Martinsos / edlib

Lightweight, super fast C/C++ (& Python) library for sequence alignment using edit (Levenshtein) distance.
http://martinsos.github.io/edlib
MIT License
505 stars 165 forks source link

Inconsistency with API on empty strings #228

Open nkkarpov opened 3 weeks ago

nkkarpov commented 3 weeks ago

For example, edlib.align("ACGT", "", k=1) returns 4 instead of -1. Additionally, it appears that the CIGAR string and locations are unreliable when the query string is empty, as they contain None even when k is larger than the edit distance.
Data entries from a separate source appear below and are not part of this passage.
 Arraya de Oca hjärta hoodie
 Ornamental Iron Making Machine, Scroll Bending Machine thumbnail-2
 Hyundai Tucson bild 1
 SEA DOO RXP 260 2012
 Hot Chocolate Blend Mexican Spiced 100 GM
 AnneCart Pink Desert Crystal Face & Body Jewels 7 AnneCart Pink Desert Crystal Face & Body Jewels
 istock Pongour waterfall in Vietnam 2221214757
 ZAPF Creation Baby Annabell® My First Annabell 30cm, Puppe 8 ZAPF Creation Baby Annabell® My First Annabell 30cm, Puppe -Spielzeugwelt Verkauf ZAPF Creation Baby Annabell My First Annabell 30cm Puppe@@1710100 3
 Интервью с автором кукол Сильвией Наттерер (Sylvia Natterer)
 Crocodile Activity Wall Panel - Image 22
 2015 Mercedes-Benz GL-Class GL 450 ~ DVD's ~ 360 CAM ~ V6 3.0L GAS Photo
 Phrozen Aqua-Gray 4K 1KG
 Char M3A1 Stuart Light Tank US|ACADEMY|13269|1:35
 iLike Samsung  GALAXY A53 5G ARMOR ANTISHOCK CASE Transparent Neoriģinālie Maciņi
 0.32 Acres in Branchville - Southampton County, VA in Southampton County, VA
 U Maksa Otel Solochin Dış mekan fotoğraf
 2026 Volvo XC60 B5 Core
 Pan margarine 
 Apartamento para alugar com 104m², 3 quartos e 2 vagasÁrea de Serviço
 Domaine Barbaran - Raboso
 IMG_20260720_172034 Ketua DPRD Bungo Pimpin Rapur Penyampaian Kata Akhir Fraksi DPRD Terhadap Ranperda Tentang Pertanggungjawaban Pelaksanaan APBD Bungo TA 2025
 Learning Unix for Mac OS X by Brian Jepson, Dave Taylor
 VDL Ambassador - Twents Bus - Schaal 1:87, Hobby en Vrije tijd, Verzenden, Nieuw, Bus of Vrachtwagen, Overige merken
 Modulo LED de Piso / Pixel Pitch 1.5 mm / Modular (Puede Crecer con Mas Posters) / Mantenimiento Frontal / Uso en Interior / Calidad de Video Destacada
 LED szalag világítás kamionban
edlib.align("ACGT", "", k=5, task="path")
{'editDistance': 4,
 'alphabetLength': 4,
 'locations': [(None, -1)],
 'cigar': None}
Martinsos commented 1 week ago

Thanks for reporting this!

Steps I think we should take:

  1. It seems you reported issue with python version of Edlib -> I wonder if this is issue also with C/C++ edlib, so the issue is originating from there, or this is happening only in the python binding in the logic that wraps C/C++ edlib.
  2. "Easy fix" for this is to update docs/comments that empty strings are not acceptable + throw runtime error on empty strings.
  3. Proper fix would be to make sure that edlib correctly handles empty string. We would first need to define what behaviour we expect, and then implement it. Also add tests for these cases.

I am short with time at the moment + this is easy to handle on the user side so I won't be prioritizing it at the moment, but I would be happy to accept PRs, as long as they follow the steps above.